Challah- lab notes from first attempt.

Posted by Susie on November 13, 2007

So I made challah. Here are some pictures of it:
challah

challah

Here’s the nitty-gritty:

Intoduction

This challah was based directly on the challah recipe from Peter Reinhart’s “The Bread Baker’s Apprentice” Its on page 133.

So I’ve been having an interesting conversation over on the PPK today about a thing that has been bothering me more and more lately, which is how little I actually know about what I’m trying to do, and the question of how much I can say about this stuff that I’m not sure about, and what I actually can determine from these experiments I do. This challah recipe is a perfect example to use to try to explain that I don’t really… well, I think Operation Ivy explains it best…
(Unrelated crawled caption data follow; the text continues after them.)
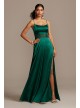 Crystal Illusion Waist Spaghetti Strap Satin Gown City Triangles 2622GK8B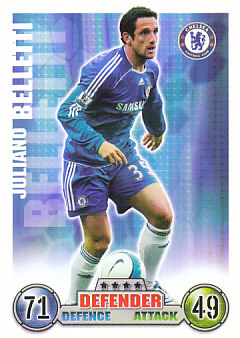 Juliano Belletti Chelsea 2007/08 Topps Match Attax Update #20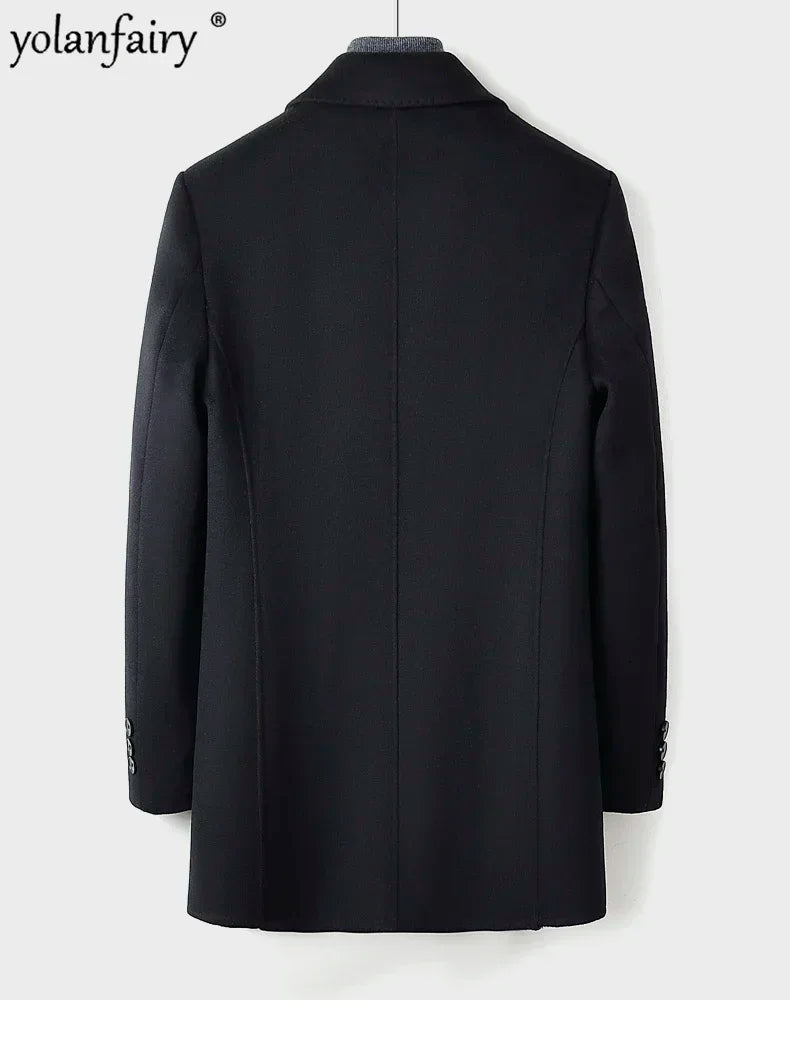 YOLANFAIRY 70% Wool Coat Men's Autumn Thick Down Jacket Men Double-sided Woolen Trench Coats Winter Jackets Abrigos Hombre FC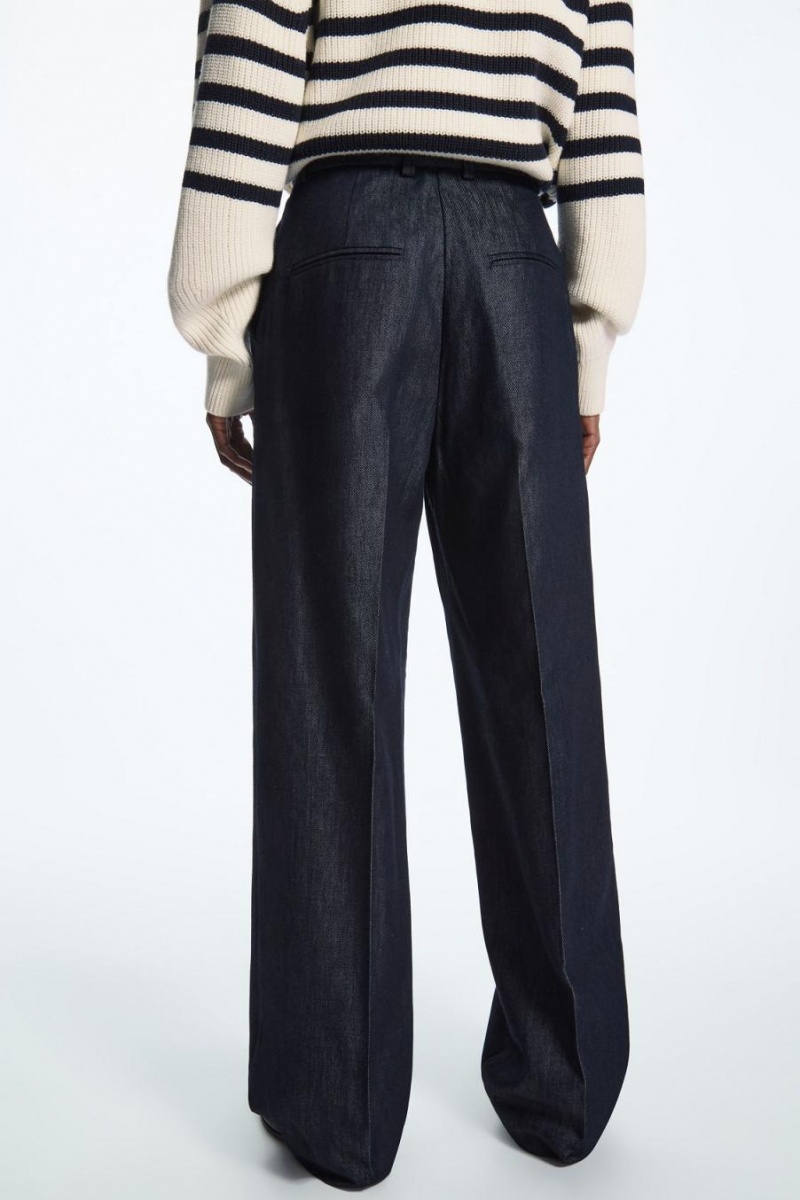 COS Tailored Egyenes-leg Denim Nadrág Női Sötétkék | NHQ-398267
But anyway, there are so many things that are WAY beyond my means of figuring out about egg replacing, and to avoid being an idiot, I HAVE to know what I CAN figure out, and what I CAN’T figure out. And then, after I figure out what it is I don’t know for sure, I have to avoid wording that insinuates to internetland that some guess of mine is anything more than a guess. I used to not realize how important this was, and I also used to think my guesses were better than they probably are, too. I am trying to fix this though, and to change my writing style accordingly. It might take me a bit to get the writing style right, so sorry for that, I am trying though.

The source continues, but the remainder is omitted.